Apparently, Skype has been demoing Skype on Nokia S60 phones at 3GSM...

Nice.

(Via Tommi.)

As an aside: I've been using Pandora for some time now. Unfortunately, it keeps feeding me Britney Spears and Whitney Houston... I am not quite sure which one is broken: the software or my taste in music.

Thursday, 16-Feb-06 12:42
I predict that in twenty years, people will still argue over emacs and vi

Well, that's an easy one. But in the 1990s, the internet was new and wonderful, and a lot of people didn't quite know what to make of it. The Imagining the Internet project by Elon University and Pew Internet has been collecting quotes from the early 90s about what this shiny new Internet might become. Some of these predictions are off the mark, some of them are wildly off the mark, and some of them are spot-on. But they're certainly interesting to read now, 15 years later.

The site is chock full of information, including predictions for the next 150 years, a searchable database, a kids section and videos; check it out.

(Via ITConversations.)

Tuesday, 14-Feb-06 13:42
Real-life transformer

This video of a working, walking, driving transformer robot is the coolest thing I've seen all day.

Well, for the past ten minutes anyway.

(Via... I can't remember anymore.)

Monday, 13-Feb-06 15:23
Bloggers, the next public menace?

From MSN Money:

WASHINGTON (AP) - The government concluded its "Cyber Storm" wargame Friday, its biggest-ever exercise to test how it would respond to devastating attacks over the Internet from anti-globalization activists, underground hackers and bloggers.

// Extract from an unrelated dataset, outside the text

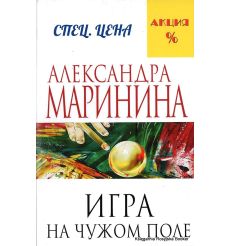 Маринина Александра. Игра на чужом поле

Nice to be in such a good crowd.

(Via Blog Herald.)

Friday, 10-Feb-06 10:03
Moving day!

All is packed, and of course, the Internet is the last thing to go. The moving men are supposed to arrive right now, so I'm pulling the plug and timing how fast I can get back online after things are settled at the other end. Geeky? Perhaps a bit... Addicted? No, surely not!

23:08. Finally I had a bit of time to log on. The actual internet connection was down for perhaps three hours, but I didn't have time to open a computer until now. The apartment is now filled with boxes that need unpacking, a bunch of black plastic bags with all our clothes, and all our furniture in a million pieces waiting to be put together again. It's a daunting task.

We started off by filling the fridge, putting the bed back together, and turning on our wireless internet. One must have priorities.

Thursday, 09-Feb-06 10:27
"Isn't that just fantastic?"

Amnesty International has created an ad campaign against the unchecked arms trade which is going on throughout the world. What if you could buy AK-47's from TV shop? Only UKP 474.99! If you call within the hour, you get free ammunition for one year!

(Via Übercool.)

Wednesday, 08-Feb-06 12:08
New study suggests copyright is too complex

"Tulevaisuuden elinvoimainen Suomi" - "The vibrant Finland of the future" -study (in Finnish, tho') lead by our PM Matti Vanhanen has some interesting conclusions[2], such as:

  • Copyright now belongs to the realm of industrial politics rather than cultural politics
  • The current copyright legislation is outdated, and needs to be redesigned as soon as possible
  • Digital distribution over multiple channels to a single person is not supported by current copyright legislation[1]
  • Copyright system is not flexible and is too complex for creation of commercial services
  • Copyright ownership is too concentrated to big, multinational corporations
  • Finland should start to push for copyright renewal in the EU
  • Government organizations should adopt Creative Commons -licenses as much as possible to speed up innovation. Things created using public funds should be available for as free dissemination as possible.

More discussion at Digitoday.

I think this shows how small streams create big effects: the discussion last year showed that there is more and more dissatisfaction at how copyright issues are currently being handled, and therefore it's easier to voice your opinions now. The different campaigns are having impact. Saying that the current copyright system does not work is no longer the sign of the lunatic - and people are starting to realize that you can speak against copyright monopolies and current practices, without opposing copyright in general. The climate may be shifting, though it will take a few years before the EU moves.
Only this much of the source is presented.